Nowadays, nearly any band that gets listened to widely for more than a couple of years' worth of music-producing seems to produce nothing more than slightly-twiddled versions of the hit single and the not-quite-such-a-hit single, over and over again. If you started out as Goths, Goths you must remain - coming up with a bit of ska or Britpop or classic disco will get you nothing more than a smack on the head from the record company. If you want to do something a bit different to the Thing You Do, you have to run off and do it in your own time, usually with someone other than your regular bandmates, and you often have to give yourself a different name.
Similar restrictions seem to apply to writers, as this blogpost from erotic writer Janine Ashbless shows. It seems to apply in particular to writers of erotic material - as recently as 1996 a how-to manual was advising authors to have a 'separate pen name' for their filth, though this was more on the grounds that writing about sex in an enjoyable, arousing way was something you were supposed to fence off from your 'proper' writing.
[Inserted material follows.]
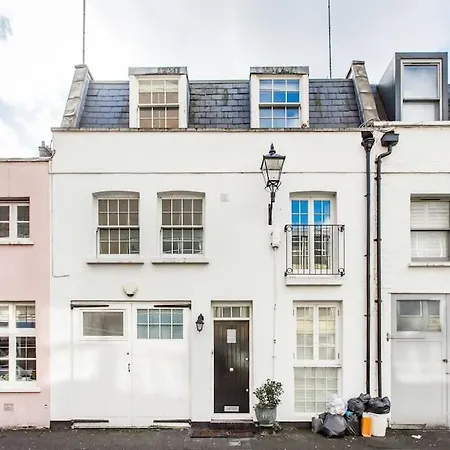 Comfortable 4 Bed Mews Town House Near Hyde Park Holiday home London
But the current trend seems to be that if you write erotica, you're supposed to stay in a little tiny box appropriate to the type of erotica you write. So if your first widely-read book featured predominantly BDSM, or LGBT, if you want to write about spanking or polyamory, you need to change your pen name. And if you have sold a few books under the branding banner of 'hot romance' and you want to add a bit more group sex or fisting to your next one, it's better to give yourself a new identity, or your regular readers will shit the bed and pass out.
What irritates me is that I don't actually think the majority of people who like to read books *are* this stupid and stubborn. I think that (again, particularly with regard to erotica) a lot of the publishers are the ones who think the readers are dimwits who have to be peddled the same thing over and over again, and that people who read books - and come on, readers are basically the top of the food chain - are quite capable of enjoying something that isn't just the same as the last thing they read.